---------- Available data

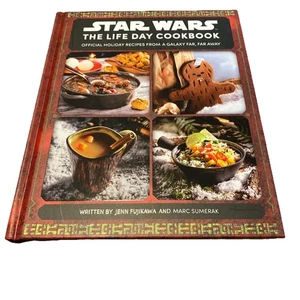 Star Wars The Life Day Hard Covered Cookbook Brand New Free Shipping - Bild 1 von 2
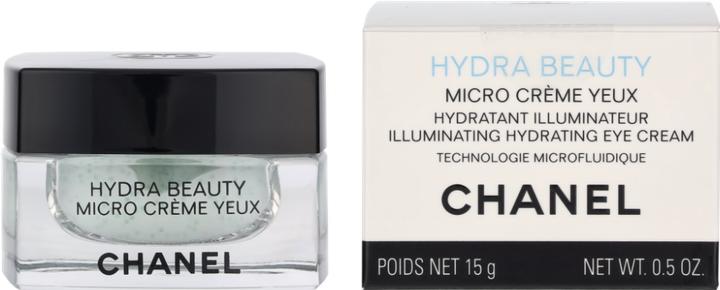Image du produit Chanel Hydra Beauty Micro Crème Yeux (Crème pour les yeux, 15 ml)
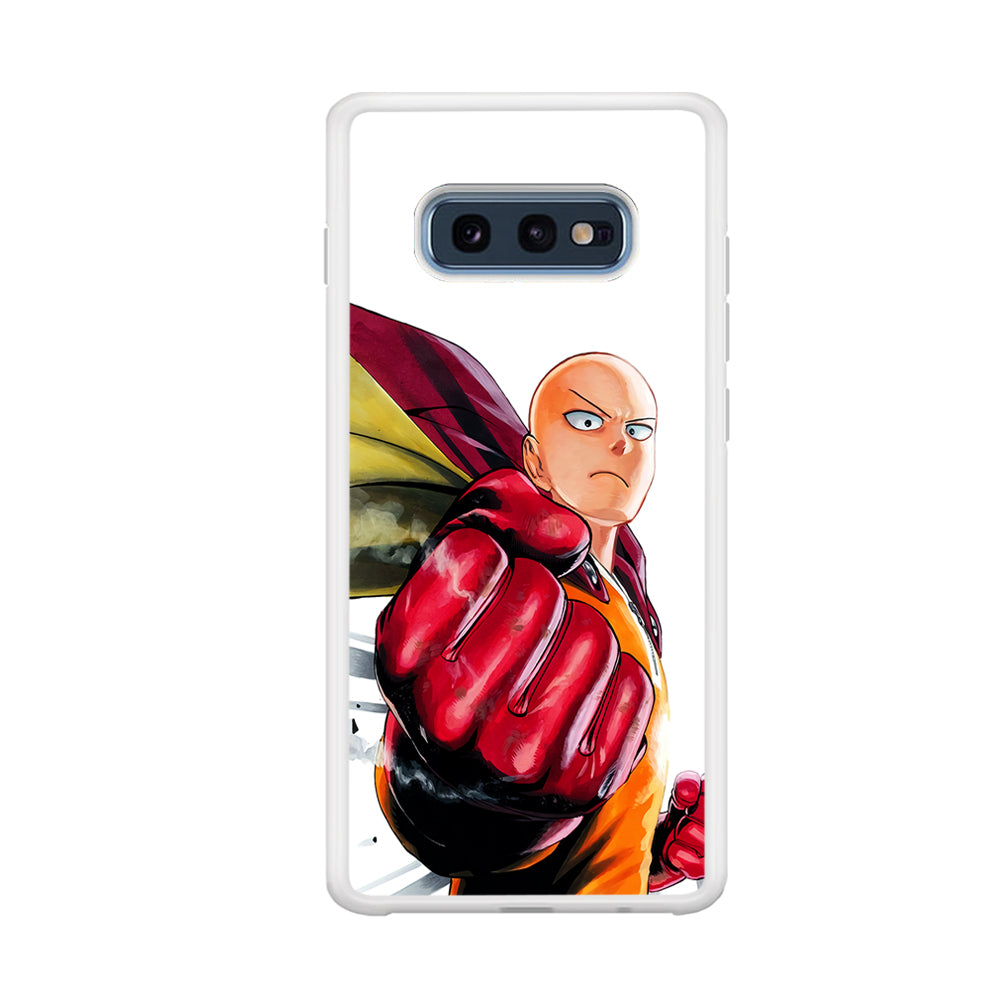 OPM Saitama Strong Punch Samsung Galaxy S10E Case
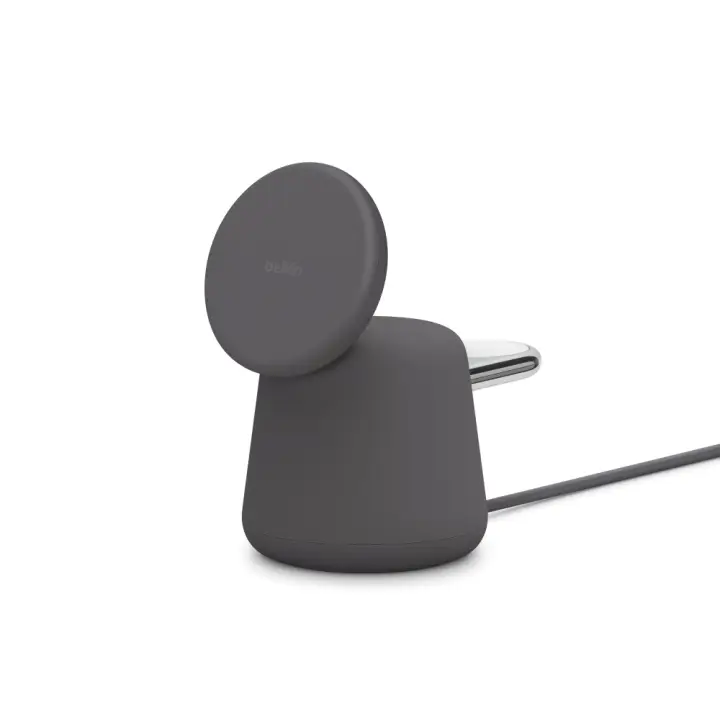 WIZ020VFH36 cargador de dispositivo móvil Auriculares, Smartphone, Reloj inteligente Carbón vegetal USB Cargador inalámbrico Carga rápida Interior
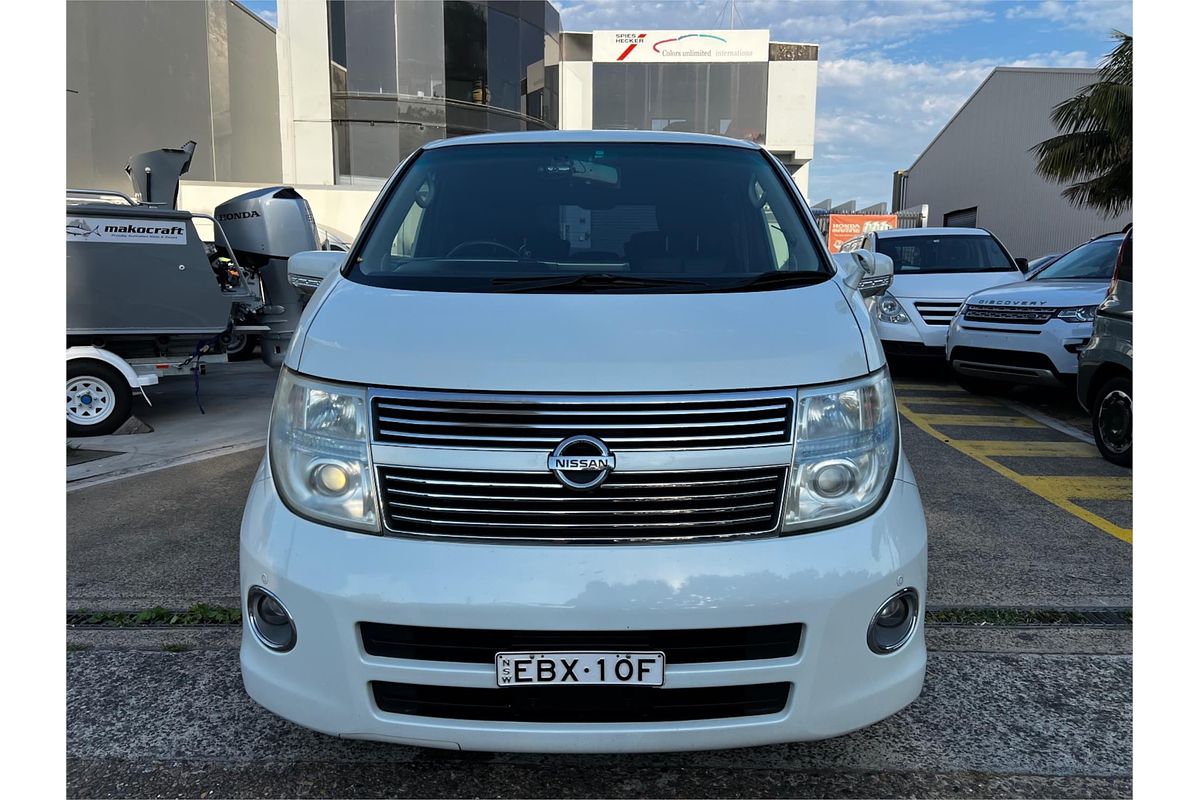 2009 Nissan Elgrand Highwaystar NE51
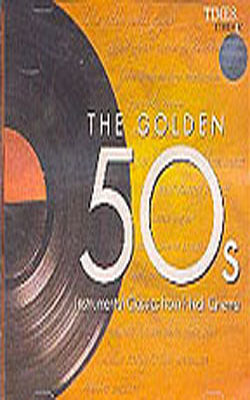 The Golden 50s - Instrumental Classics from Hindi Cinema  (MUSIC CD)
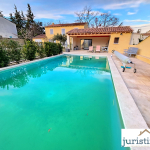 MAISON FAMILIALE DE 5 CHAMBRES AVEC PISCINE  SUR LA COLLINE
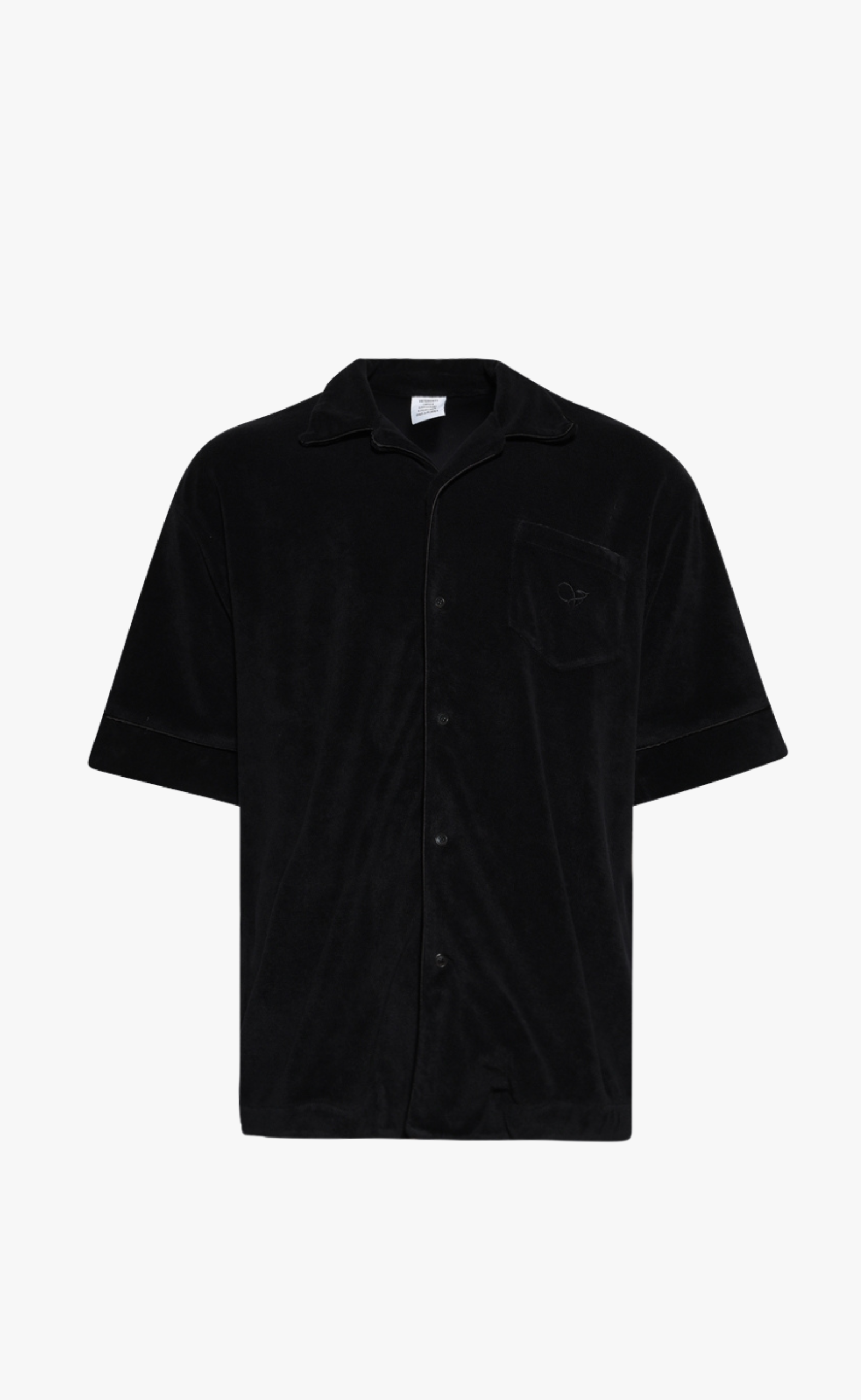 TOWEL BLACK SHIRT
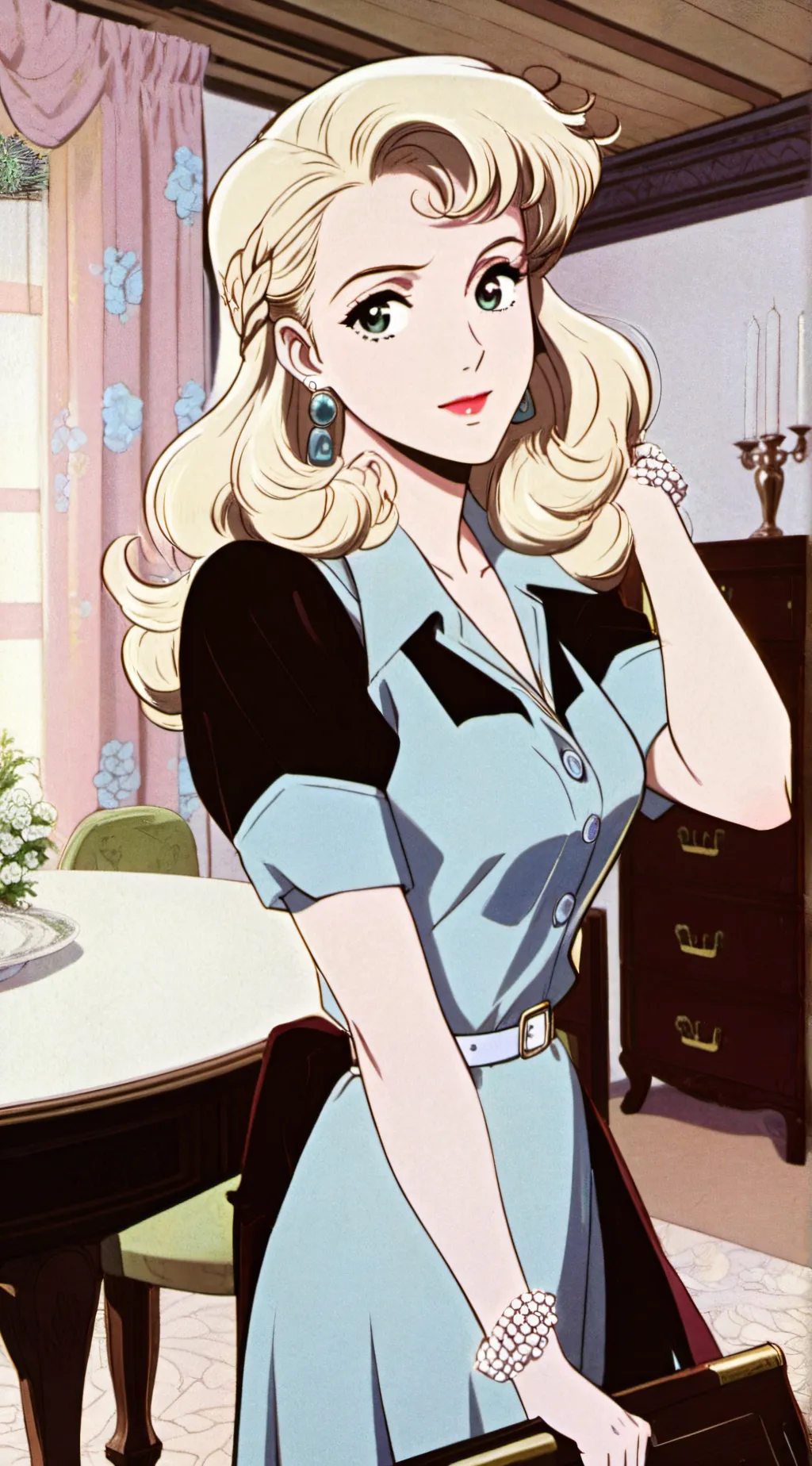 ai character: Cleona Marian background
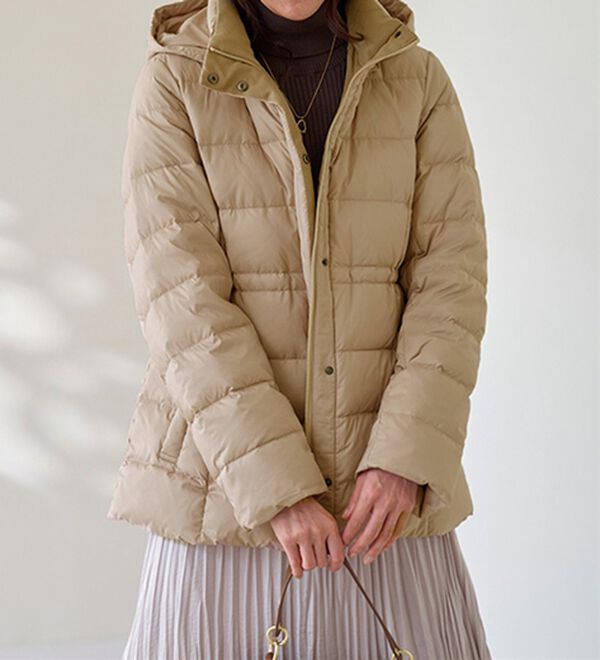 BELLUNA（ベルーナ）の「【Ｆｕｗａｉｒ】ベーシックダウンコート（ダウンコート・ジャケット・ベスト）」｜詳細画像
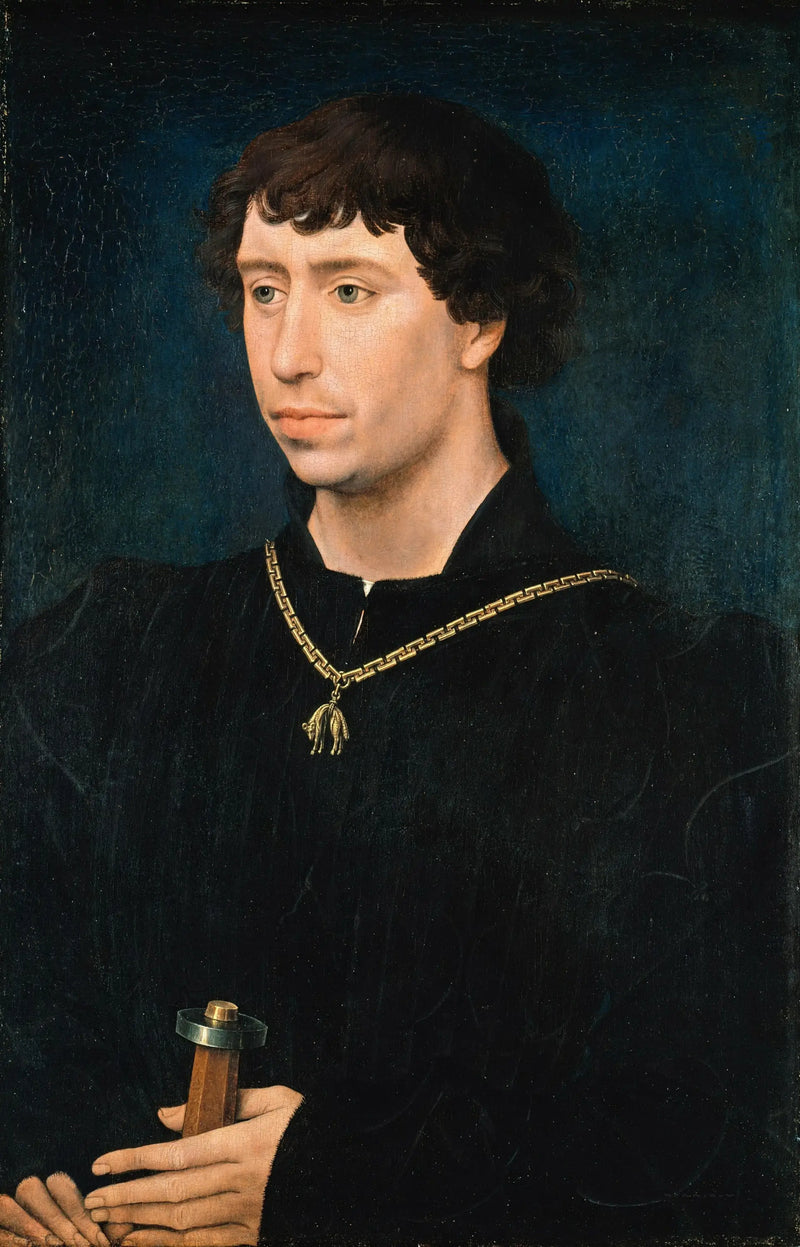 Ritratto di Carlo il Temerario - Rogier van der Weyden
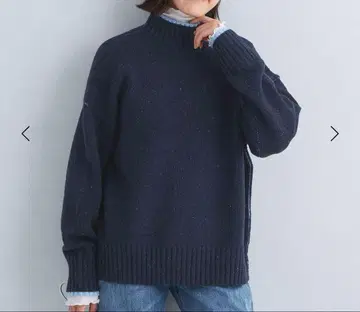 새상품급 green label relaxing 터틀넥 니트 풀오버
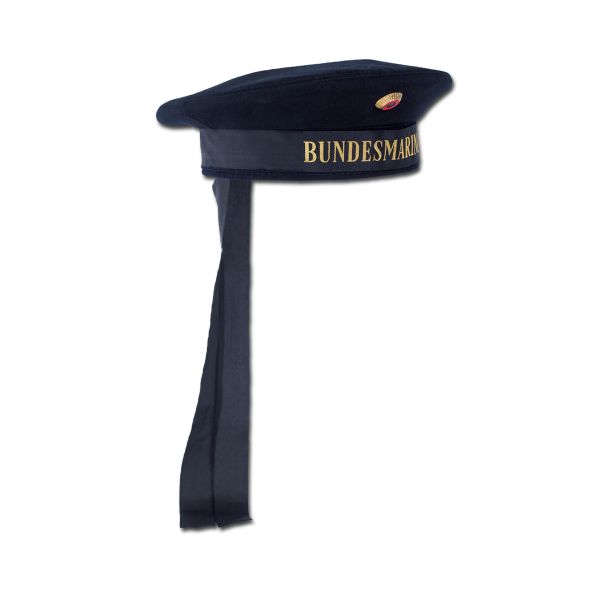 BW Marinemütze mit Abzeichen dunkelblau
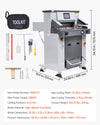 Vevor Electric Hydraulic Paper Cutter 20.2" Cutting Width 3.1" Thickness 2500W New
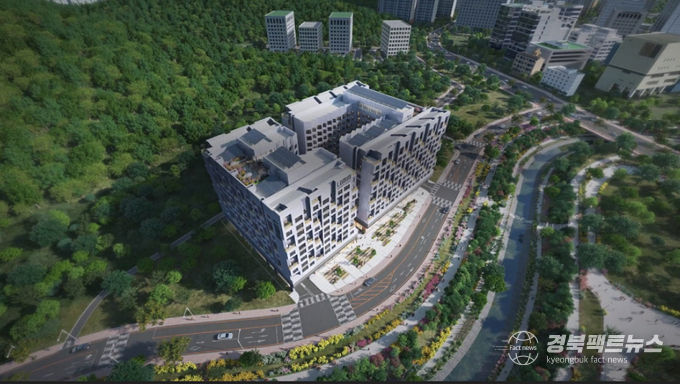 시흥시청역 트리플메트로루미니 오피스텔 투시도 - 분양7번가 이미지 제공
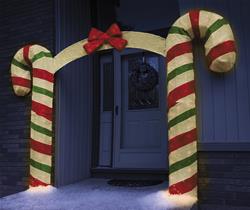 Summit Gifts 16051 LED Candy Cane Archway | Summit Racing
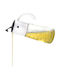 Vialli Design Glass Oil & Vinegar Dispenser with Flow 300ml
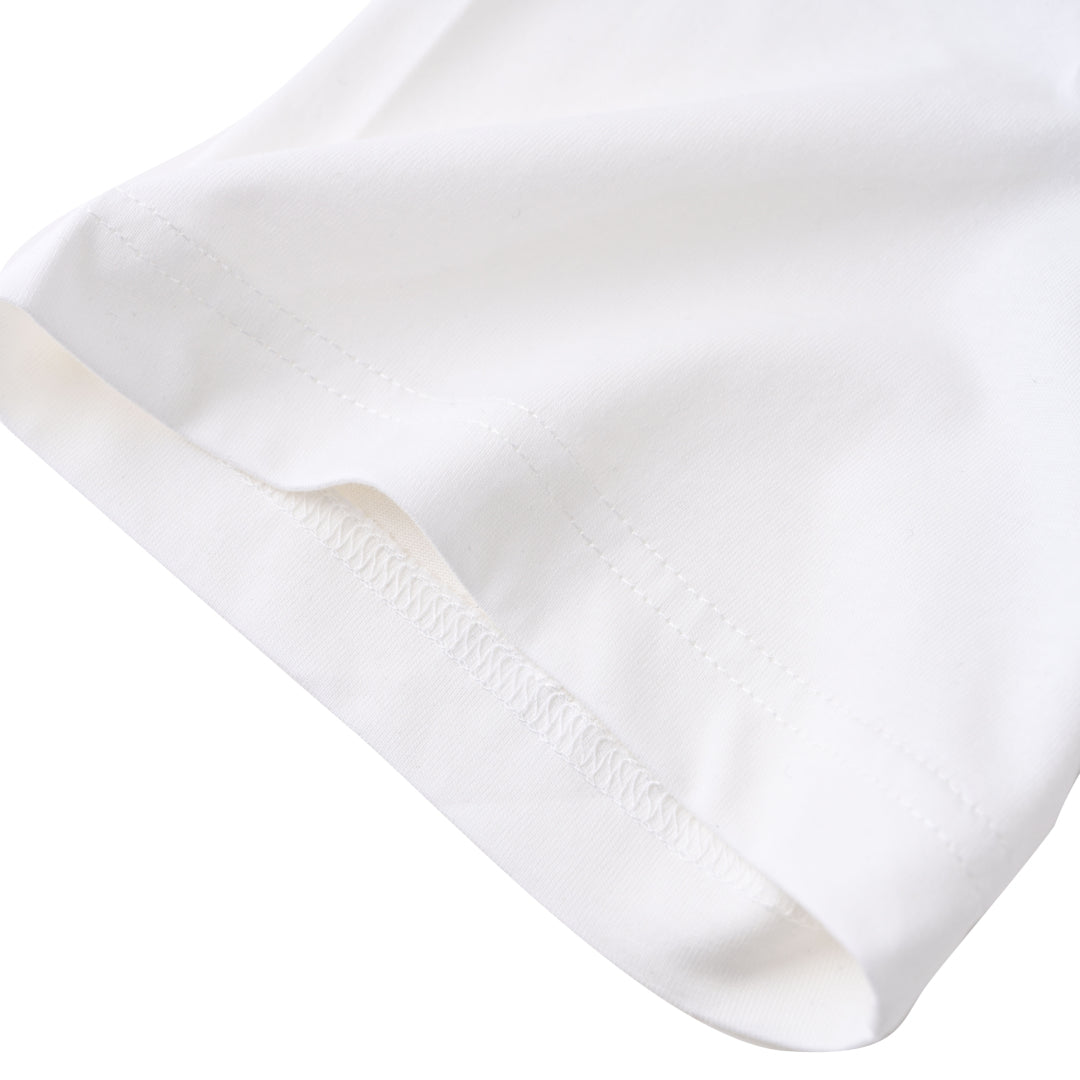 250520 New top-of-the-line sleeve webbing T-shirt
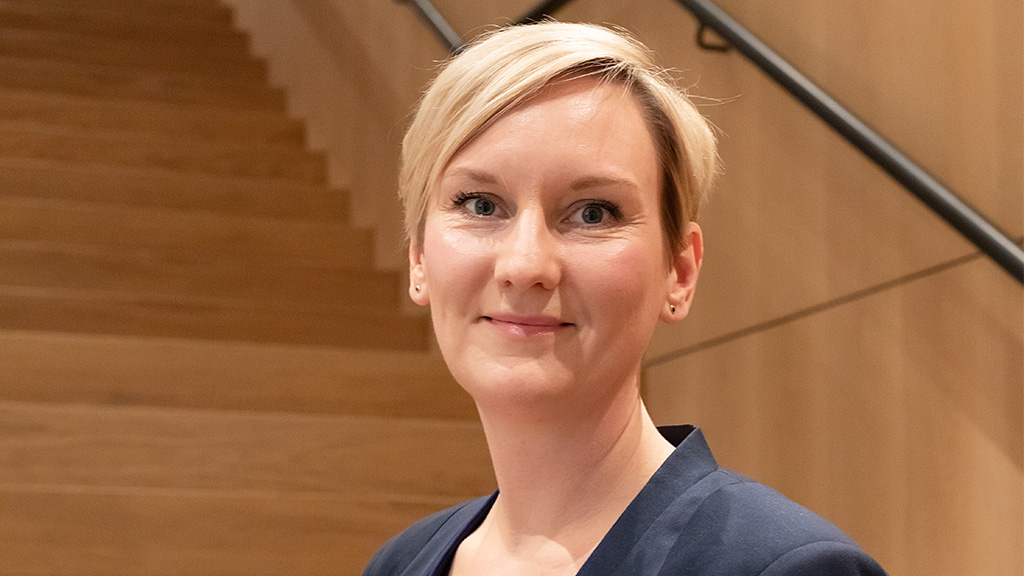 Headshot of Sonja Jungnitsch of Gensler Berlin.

--------------------

§ Exercise objective
With the pictures excluded, the line containing "OPM Saitama Strong" and every line after it through the end of the data above are to be transcribed exactly, and nothing more.

§ Your solution
 OPM Saitama Strong Punch Samsung Galaxy S10E Case
 WIZ020VFH36 cargador de dispositivo móvil Auriculares, Smartphone, Reloj inteligente Carbón vegetal USB Cargador inalámbrico Carga rápida Interior
 2009 Nissan Elgrand Highwaystar NE51
 The Golden 50s - Instrumental Classics from Hindi Cinema  (MUSIC CD)
 MAISON FAMILIALE DE 5 CHAMBRES AVEC PISCINE  SUR LA COLLINE
 TOWEL BLACK SHIRT
 ai character: Cleona Marian background
 BELLUNA（ベルーナ）の「【Ｆｕｗａｉｒ】ベーシックダウンコート（ダウンコート・ジャケット・ベスト）」｜詳細画像
 Ritratto di Carlo il Temerario - Rogier van der Weyden
 새상품급 green label relaxing 터틀넥 니트 풀오버
 BW Marinemütze mit Abzeichen dunkelblau
 Vevor Electric Hydraulic Paper Cutter 20.2" Cutting Width 3.1" Thickness 2500W New
 시흥시청역 트리플메트로루미니 오피스텔 투시도 - 분양7번가 이미지 제공
 Summit Gifts 16051 LED Candy Cane Archway | Summit Racing
 Vialli Design Glass Oil & Vinegar Dispenser with Flow 300ml
 250520 New top-of-the-line sleeve webbing T-shirt
 Headshot of Sonja Jungnitsch of Gensler Berlin.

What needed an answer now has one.